I had tanks too, a couple of planted mostly for shrimps from 180 to 250 litres, then reefs from 180 to 250 litres... 
Eventually I gave up the reef tanks, the heavy maintenance, the astronomical electricity bills from running MH lights and the pain of finding someone qualified to look after it every time you get away for a week or more... just too much...
Thanks for visiting my thread.
Take care.


My Journal
http://www.dendroboard.com/forum/showthread.php?t=331233


----------



## Calivet (Aug 12, 2013)

herbivrus said:


> Like other US backers, I still don”t have my units, but I do have two large vivaria (one is 4’L x 2’h x 2’d, the other 4’L x 4’h x 2’d) which both use a substrate of just Long-fiber sphagnum moss over filter foam, dressed with leaf litter on top, and my plants not only do well, but need regular trimming. I was skeptical — I worked with Justin Yeager of Planted Glass Boxes on these — but it seems to work just fine, for over a year now. You can check out Justin’s own work on his Facebook page (https://www.facebook.com/plantedglassboxes/), and he does his other large vivaria the same way. Although *I was assured that ABG can be used in the Biopods when I asked the question of Biopod directly*, I think I’ll set mine up with sphagnum and leaf litter alone first to see how they do. I have the same concern you do about waterlogged ABG, whereas the sphagnum drains pretty readily...


Interesting. Their technical support page recommends coconut husk or sphagnum, and explicitly states you should NOT use soil. Why am I not surprised that the left hand isn't talking to the right hand. 
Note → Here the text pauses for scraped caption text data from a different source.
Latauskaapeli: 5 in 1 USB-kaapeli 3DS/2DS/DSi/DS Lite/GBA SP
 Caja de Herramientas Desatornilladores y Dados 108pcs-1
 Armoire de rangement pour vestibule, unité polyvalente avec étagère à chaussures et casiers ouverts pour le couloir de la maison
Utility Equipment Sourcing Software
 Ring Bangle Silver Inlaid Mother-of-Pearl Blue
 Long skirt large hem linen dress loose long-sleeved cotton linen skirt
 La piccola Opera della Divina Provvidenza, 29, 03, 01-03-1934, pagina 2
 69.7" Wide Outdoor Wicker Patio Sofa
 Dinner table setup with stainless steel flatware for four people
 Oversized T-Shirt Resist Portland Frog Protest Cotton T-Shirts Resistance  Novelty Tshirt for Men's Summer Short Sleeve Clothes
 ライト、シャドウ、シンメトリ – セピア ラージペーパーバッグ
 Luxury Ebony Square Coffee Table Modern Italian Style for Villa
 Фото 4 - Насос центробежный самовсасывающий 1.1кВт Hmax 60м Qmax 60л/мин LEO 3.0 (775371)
https://www.biopod.com/support/technical-guides/


----------



## herbivrus (May 28, 2014)

Calivet said:


> Interesting. Their technical support page recommends coconut husk or sphagnum, and explicitly states you should NOT use soil. Why am I not surprised that the left hand isn't talking to the right hand.
> 
> https://www.biopod.com/support/technical-guides/


Hmm. Sheesh. I wonder if it makes a difference whether setting up the Aqua as a paludarium vs. terrestrial setup. I did ask the question in regards to setting up the Aqua as a terrestrial setup, specifically for darts — i.e., no water area or use of the “island” for the land area. I asked because it looked like they were using gravel as substrate in all their setups; they said they only used the gravel around the edges, to hide the substrate because it looks nicer, and that for a terrestrial setup using ABG was fine, and was basically what they used. I wonder if using sphagnum only is the advice for doing a paludarium setup, to keep the soil from staining the water or fouling the pump. I can't see how using ABG in a terrestrial setting would be problematic. (My assumption here is that in the terrestrial set up, one would only be using the misters, and not the drip wall in the back, to maintain humidity and provide water for plants. I am not at all certain that my assumption is correct!)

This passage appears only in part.